Data entries

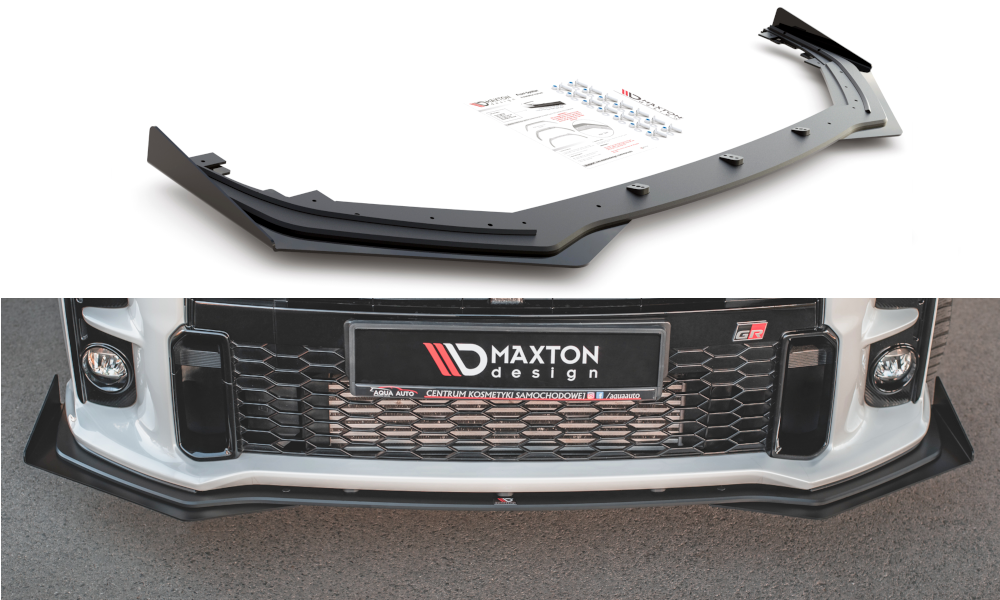 Maxton Design Street Pro Street+ Spoilerlippe Front Ansatz passend für + Flaps passend für Toyota GR Yaris Mk4 schwarz Hochglanz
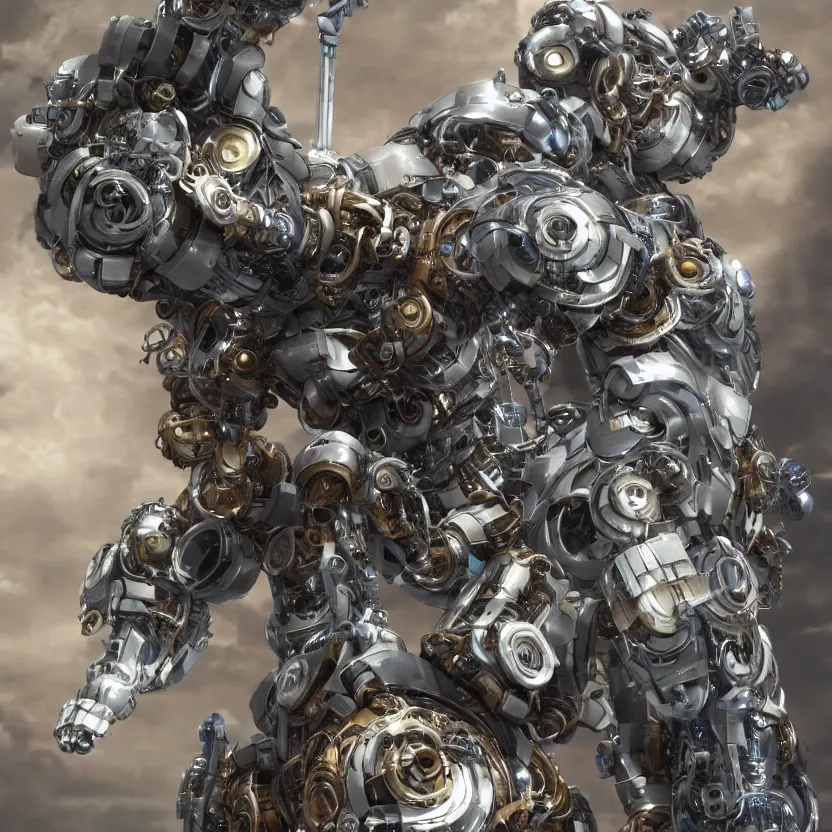 Prompt: hyper realistic mixed midea portrait of a beautiful mechanical steampunk mecha robot, stunning 3d render inspired art by kazuhiko nakamura and hajime sorayama, 8k octane beautifully detailed render, post-processing, extremely hyperdetailed, intricate futuristic mechanic parts, epic composition, maya, blender, grim yet sparkling atmosphere, cinematic lighting + masterpiece, trending on artstation,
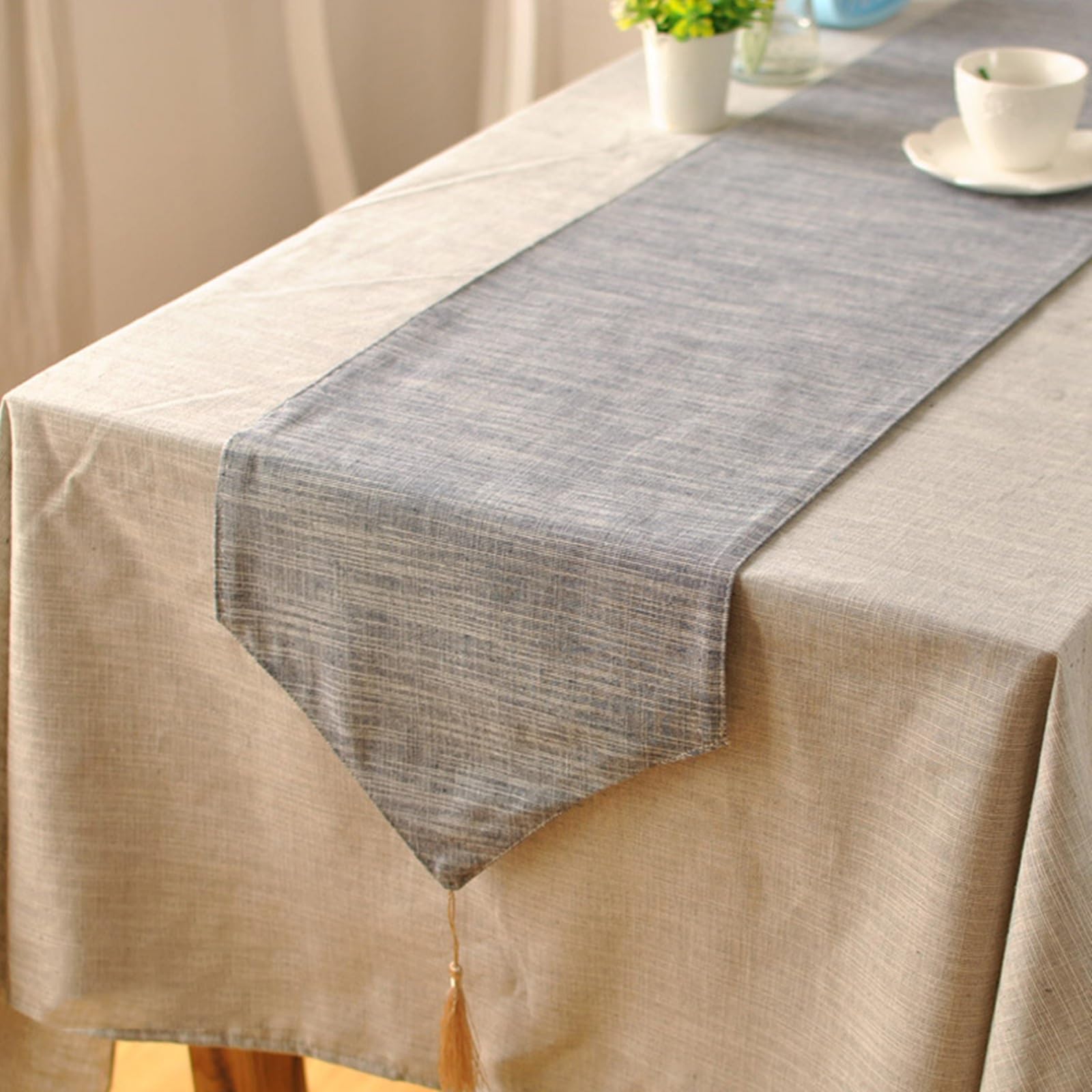 Tischläufer Modern Baumwollleinen, Tischläufer Hochzeit 30x180 cm, Schlichte Uni mit Quasten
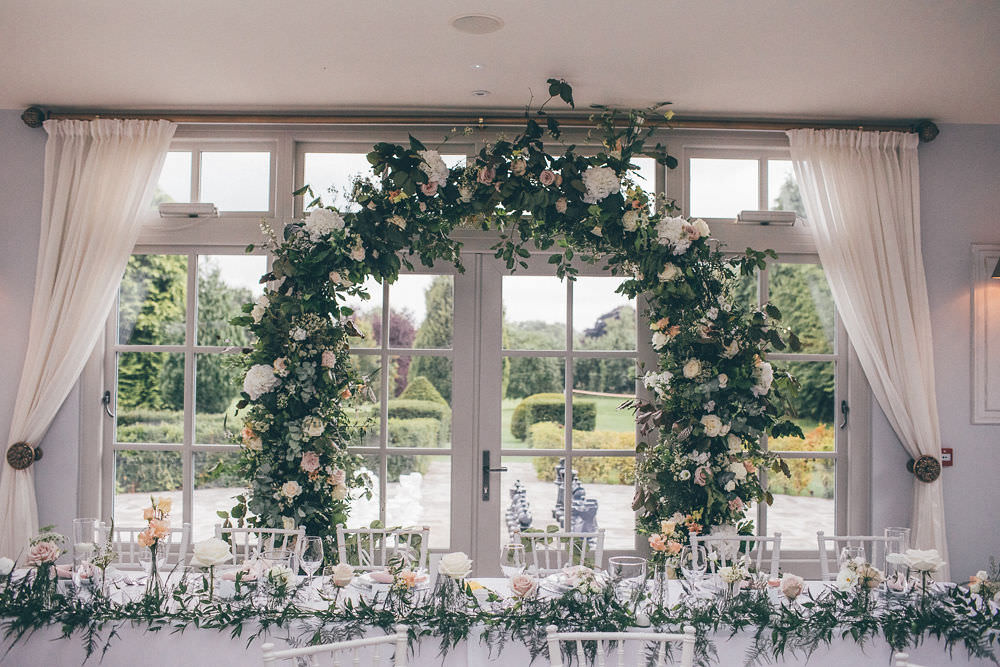 Flower Arch Backdrop Reception Decor Lemore Manor Wedding Helen Jane Smiddy Photography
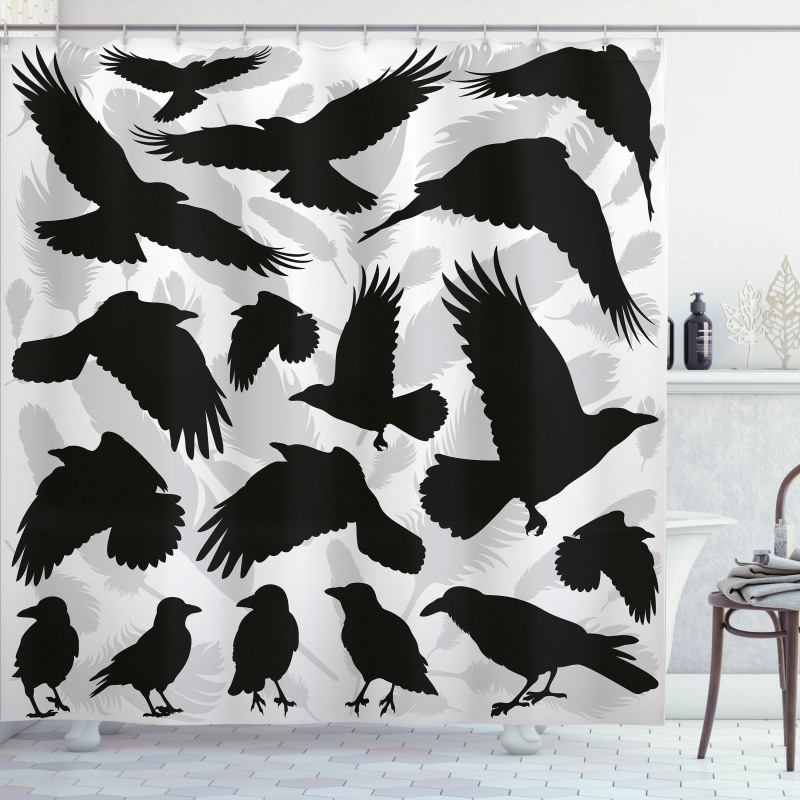 Birds and Feathers Shower Curtain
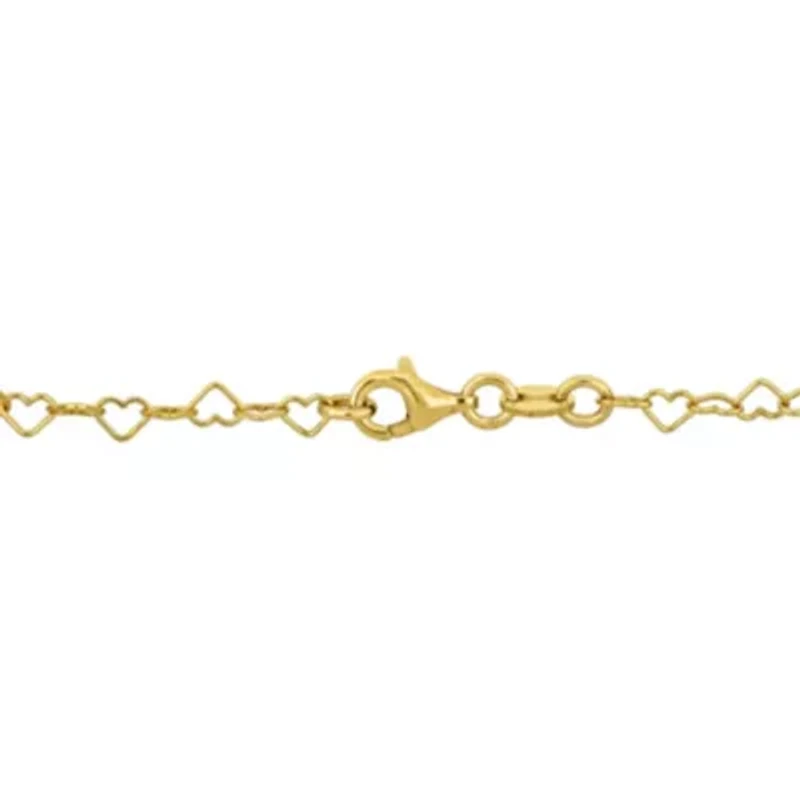 3.3MM Heart Link Bracelet with Enamel Heart Charms in Yellow Plated Sterling Silver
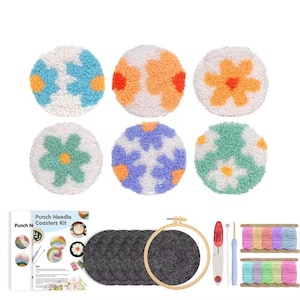 Punch Needle Coasters Kit for Adults Beginners 6 Pattern Easy Embroidery Punch Needle Kits Tufted Rug Punch Decoration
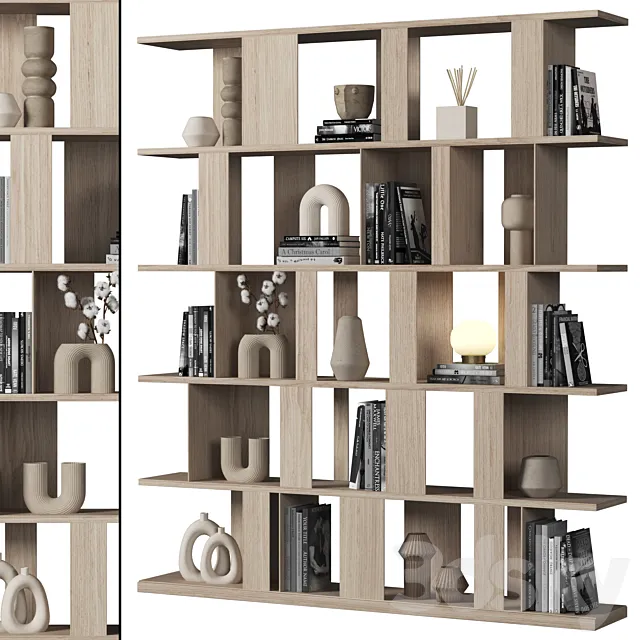 Cabinet with shelves 064 3D Model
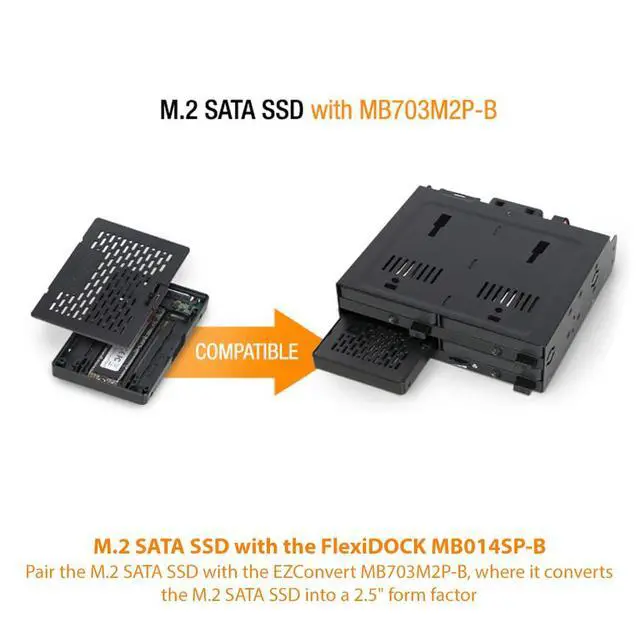 Alt view image 7 of 7 - 4 Bay 2.5" SATA/SAS SSD/HDD Hot-Swap Docking Enclosure for 5.25" Bay - flexiDOCK MB014SP-B R1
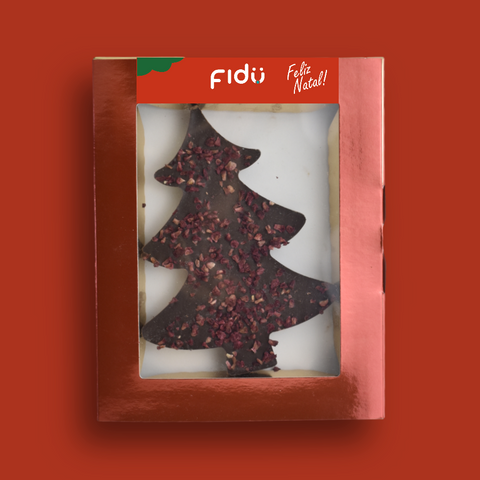 Árvore de Natal Tablete de Chocolate 60% de Cacau e Framboesa BIO 80g
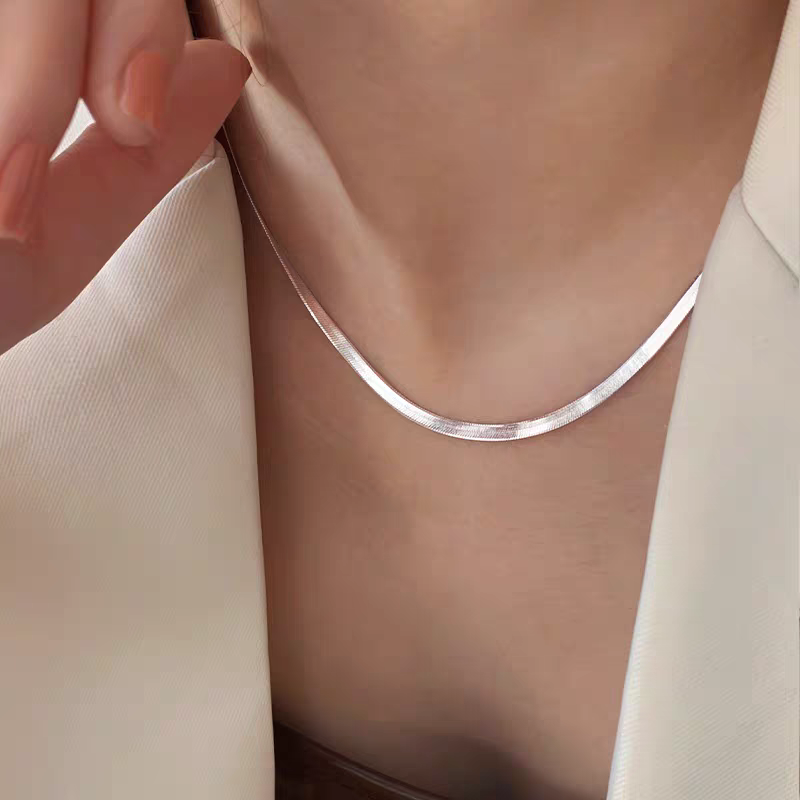1pc 999 Sterling Silver Flat Snake Bone Necklace, Minimalist Style, Perfect For Daily Wear And Valentine's Gift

● Exercise description:
Copy each line above exactly. Images do not belong in the copy.

● Exercise answer:
 Maxton Design Street Pro Street+ Spoilerlippe Front Ansatz passend für + Flaps passend für Toyota GR Yaris Mk4 schwarz Hochglanz
 Prompt: hyper realistic mixed midea portrait of a beautiful mechanical steampunk mecha robot, stunning 3d render inspired art by kazuhiko nakamura and hajime sorayama, 8k octane beautifully detailed render, post-processing, extremely hyperdetailed, intricate futuristic mechanic parts, epic composition, maya, blender, grim yet sparkling atmosphere, cinematic lighting + masterpiece, trending on artstation,
 Tischläufer Modern Baumwollleinen, Tischläufer Hochzeit 30x180 cm, Schlichte Uni mit Quasten
 Flower Arch Backdrop Reception Decor Lemore Manor Wedding Helen Jane Smiddy Photography
 Birds and Feathers Shower Curtain
 3.3MM Heart Link Bracelet with Enamel Heart Charms in Yellow Plated Sterling Silver
 Punch Needle Coasters Kit for Adults Beginners 6 Pattern Easy Embroidery Punch Needle Kits Tufted Rug Punch Decoration
 Cabinet with shelves 064 3D Model
 Alt view image 7 of 7 - 4 Bay 2.5" SATA/SAS SSD/HDD Hot-Swap Docking Enclosure for 5.25" Bay - flexiDOCK MB014SP-B R1
 Árvore de Natal Tablete de Chocolate 60% de Cacau e Framboesa BIO 80g
1pc 999 Sterling Silver Flat Snake Bone Necklace, Minimalist Style, Perfect For Daily Wear And Valentine's Gift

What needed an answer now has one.